The adults had fun watching the kids have fun, and were perfectly happy that a great experience had been planned for their kids.
But there was a small unexpected treat reserved for the big kids as well. There were volunteers stationed at each exit who just happen to believe adults deserve at least one piece of candy – preferably chocolate – themselves. As families departed there was the usual comments of, “thanks for coming,” and “hope you had a good time.” However, to the amazement of the adults there was also one last piece of candy reserved especially for the big kids – the adults.
I was amazed at how quickly someone in the 30s, 40s, and even 70s, reverted to a brief moment of childhood when they discovered there was something special just for them. Their own piece of candy that did not have to be shared with the kids, their spouses, or anyone else. For 3 seconds of a long – and for some, hectic – day it was all about them. It was all about the Big Kids.
It was fun watching the adults respond, and so many responded with genuine gratitude for the evening as a whole, but especially for those few seconds of attention.
Was there something special about the candy?

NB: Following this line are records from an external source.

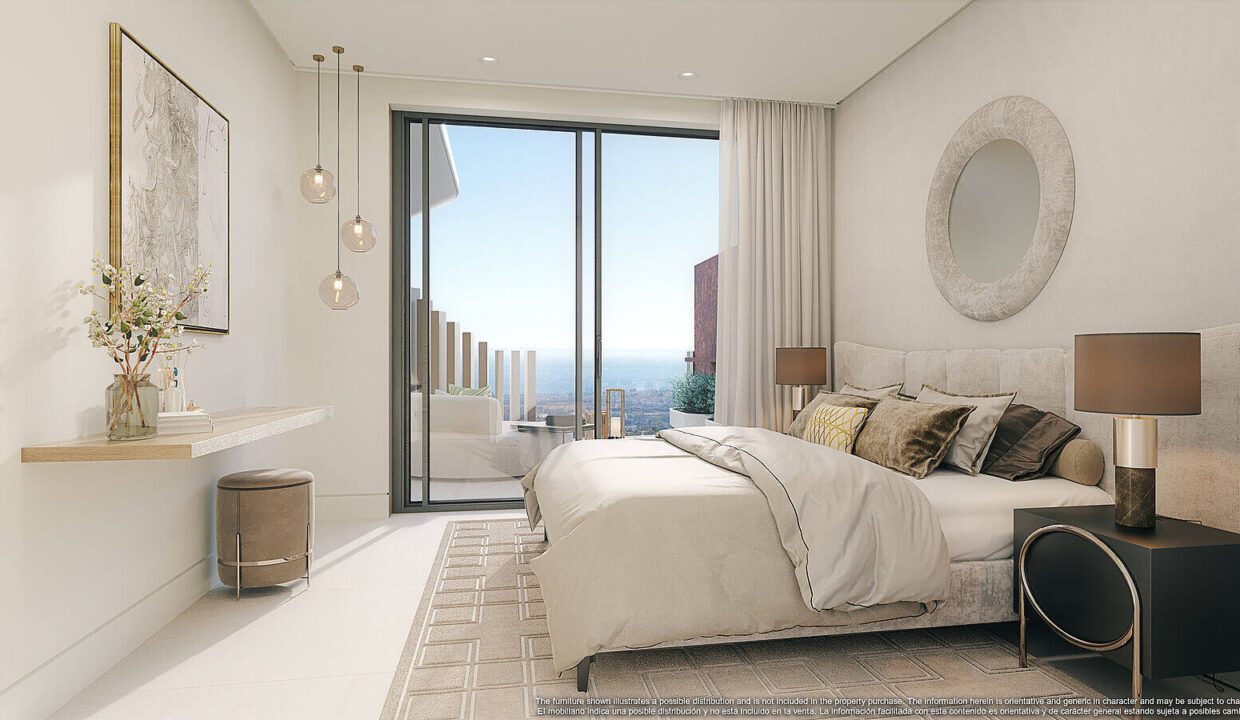 agp-0720-lake-view-modern-luxury-apartments-in-benahavis-sh-7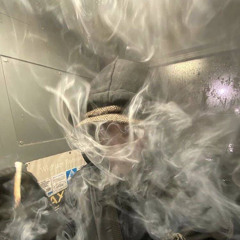 shizoonxloud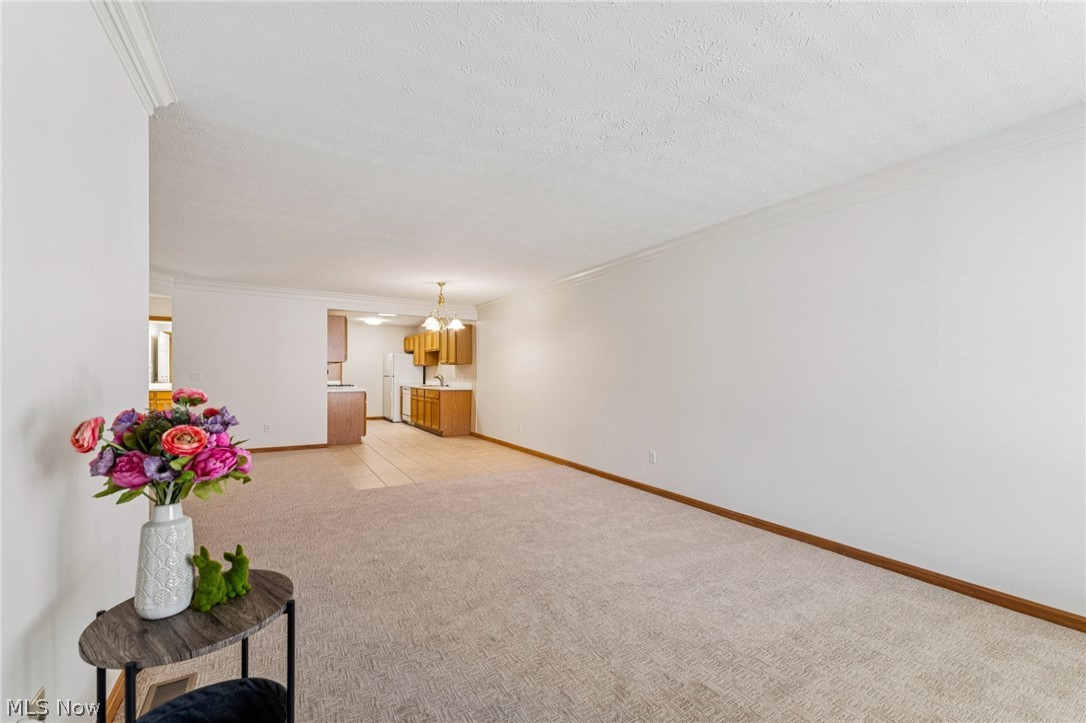 Cottages/Savannah Condos - Residential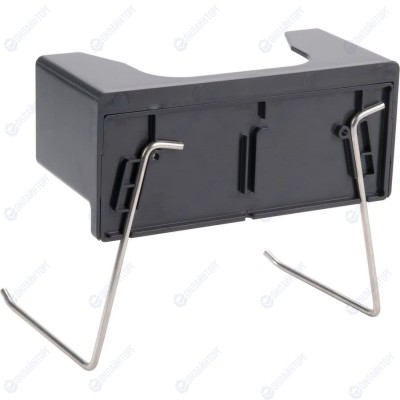 Держатель для аксессуаров 107810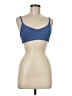 Champion Blue Sports Bra Size M - photo 1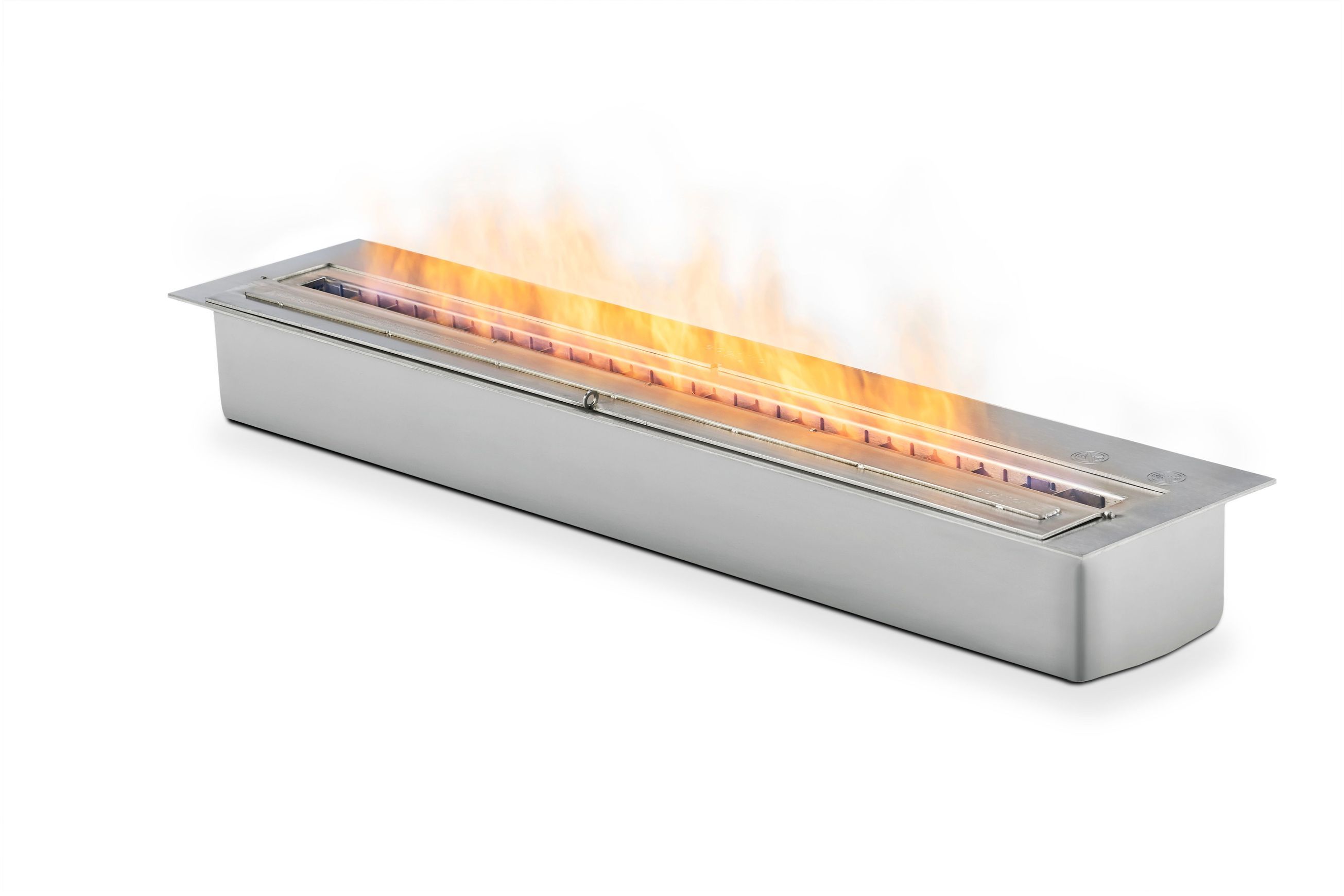 EcoSmart XL900 Ethanol Biofuel Fireplace 
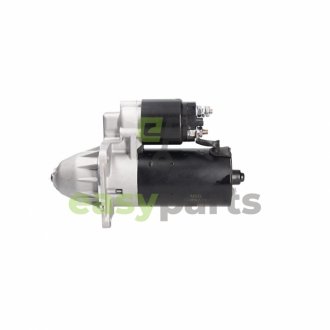 Стартер новый /1,4кВт, 10z/ FORD SCORPIO I 85-94, SIERRA 87-93; LAND ROVER DISCOVERY I 93-98 MSG CMS329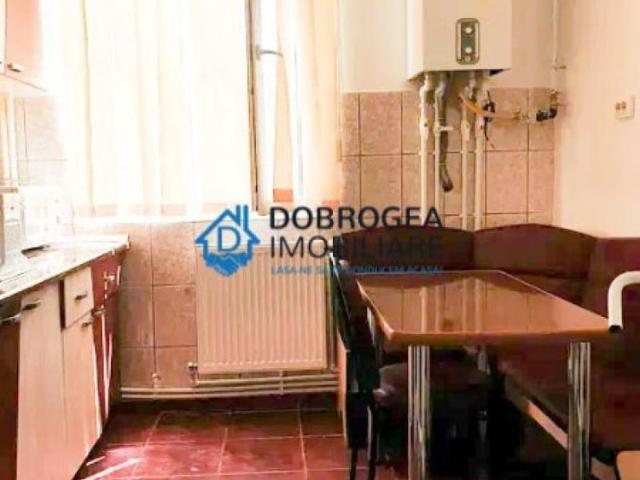 Apartament închirieri în Tulca, Tulcea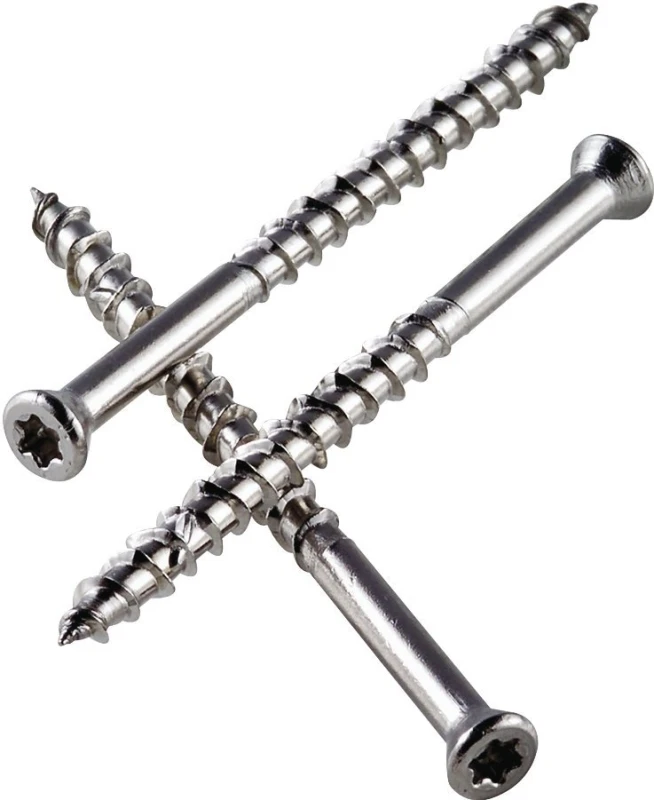 marfahardware5549075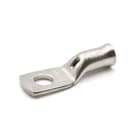CEMBRE - CAPIC.CU BT SEZ.25MMQ DIAM.12MM TLP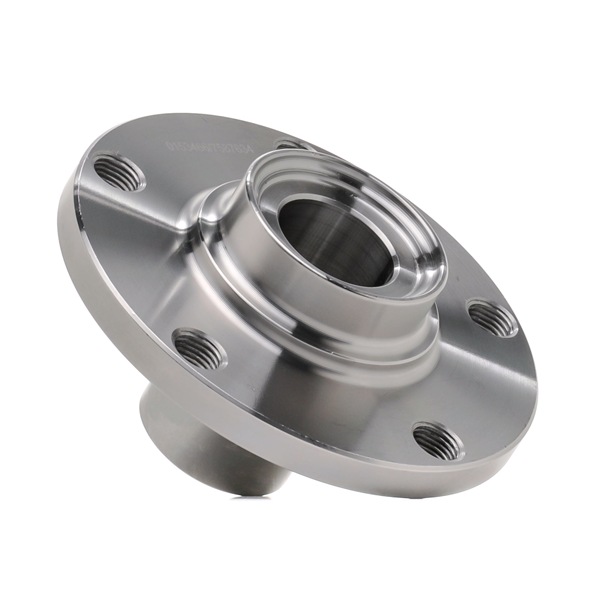 acquisto STARK (SKWB-0180121) Mozzo ruota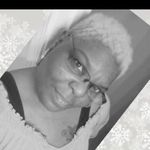 Jacqueline Fields - @beautiful_creations_74 - Instagram
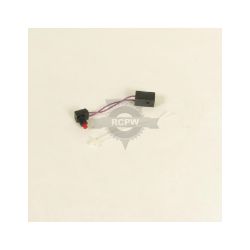 Briggs & Stratton 91031SEMA Murray Seat Switch Kit 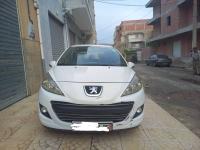 سيارات-peugeot-207-2013-عين-سمارة-قسنطينة-الجزائر
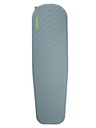 Trail Lite.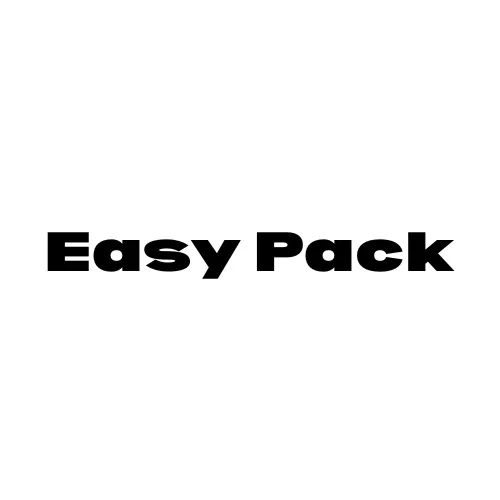 easyypack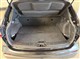 Billede af Nissan Qashqai 1,3 Dig-T Tekna 140HK 5d 6g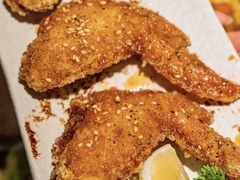 -小川洋风料理(大悦城店)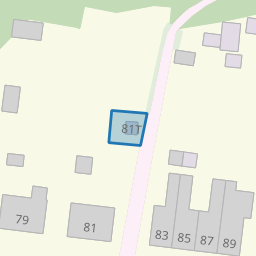 Perceel WGN00-E-4804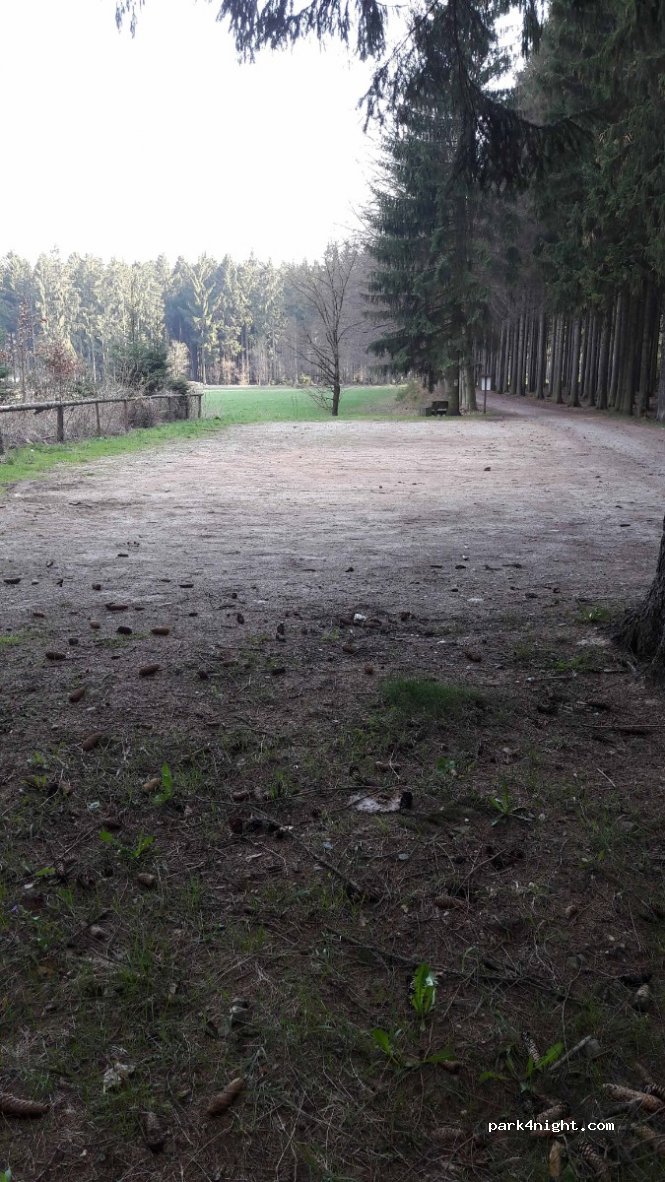 (08209) Auerbach/Vogtland - Frohnweg — foto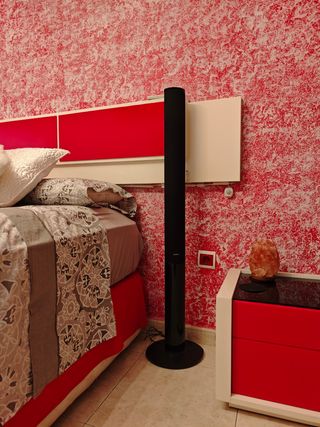 Home Cinema Sony 5.1 - Sistema de sonido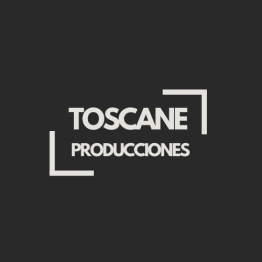 Toscane producciones 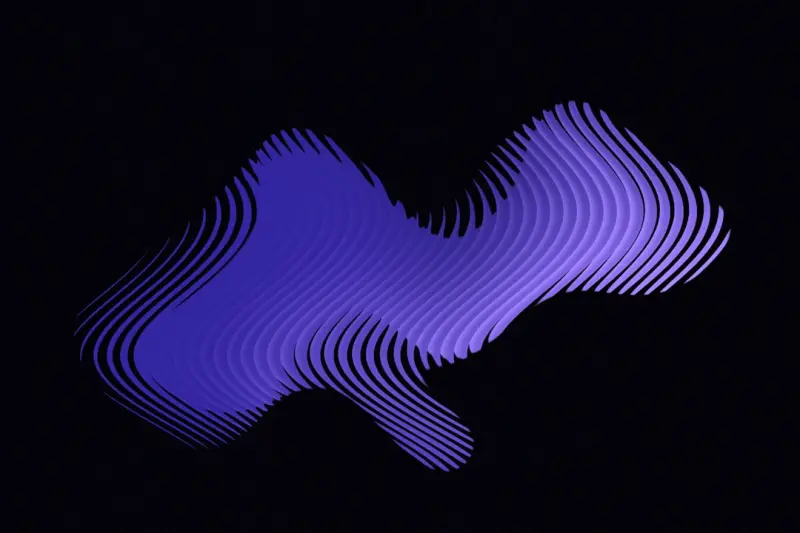 The Sound of Tomorrow: How Generative AI is Redefining Audio Branding for Media Agencies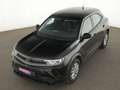 Opel Mokka Edition Apple CarPlay|LED|Rückfahrkamera Negro - thumbnail 10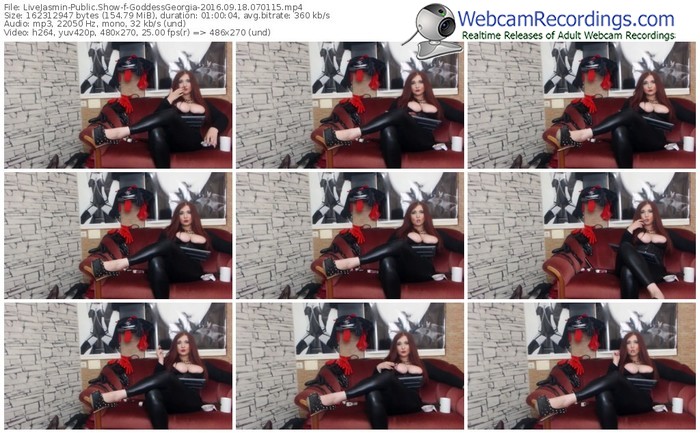 livejasmin-goddessgeorgia-webcam-show-09_18_2016-07_01_15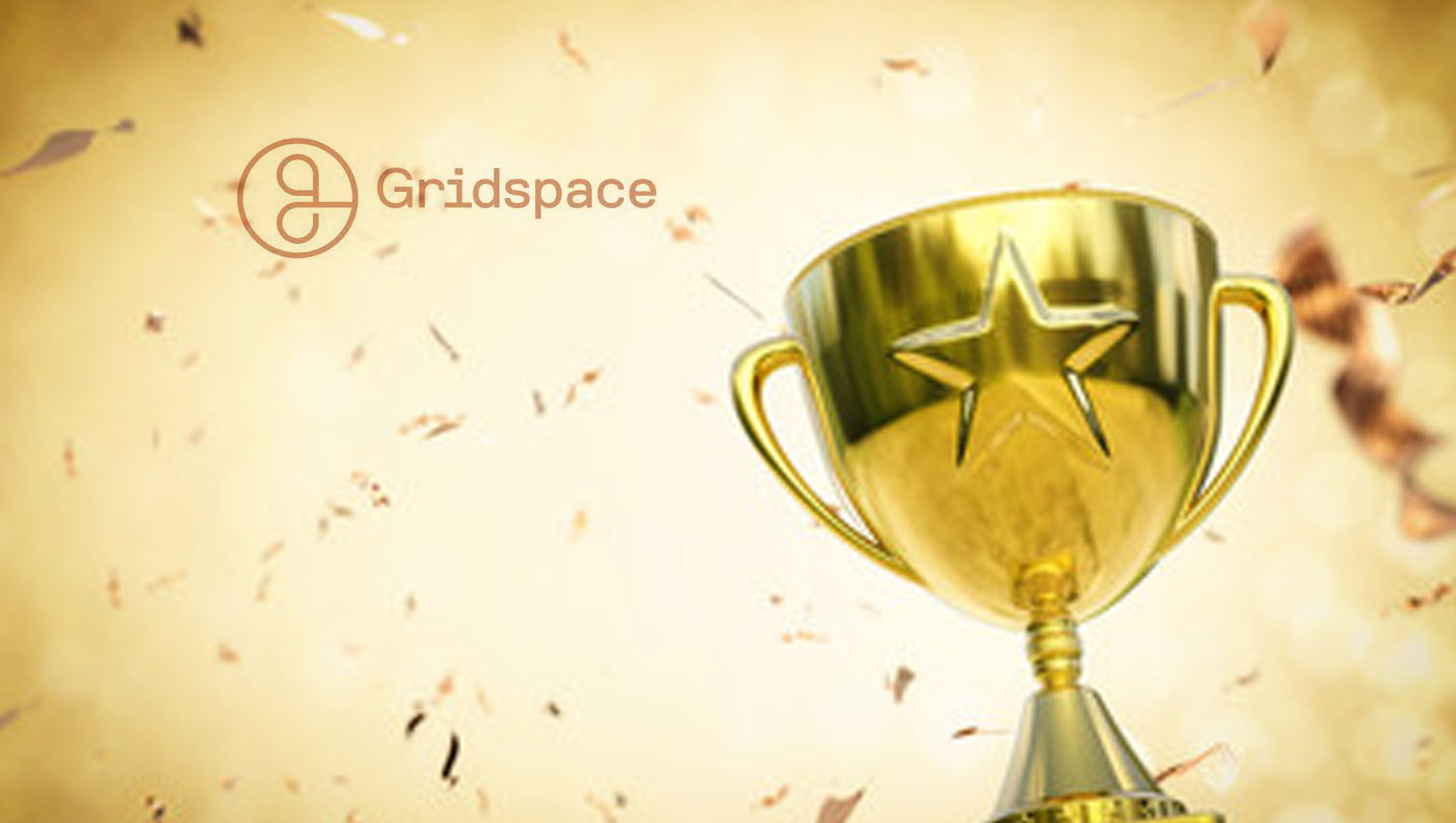 Gridspace awarded Certified Status for information security and compliance by the Health Information Trust (HITRUST)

No, it was the same bite-size pieces of candy available at every game booth.
Was the presentation grand? No. In fact, with a little more thought we could have made it much more elaborate. But no one seemed to mind that at times the presentation was made to multiple adults at once.
What made the candy special was someone saying, “We think everyone deserves candy tonight and we have reserved a piece especially for you.
What will be the long-term accomplishment (result) of this action? I’m not really sure. I do know that with each piece of candy each adult received a simple card with the gospel presentation and a second card promoting several Sunday School classes designed especially for parents.
Once home, did the parents take time to read the information? I don’t know. But I do know the seed has been sown. A connection has been made. Information is now in their hands. And, I believe in a God who has a way of making a card that has fallen under the car seat or has been placed in a pile of discarded mail on the kitchen counter, reappear at just the right moment.
During your VBS Celebration, or at your next kids’ ministry event, DON’T FORGET THE BIG KIDS!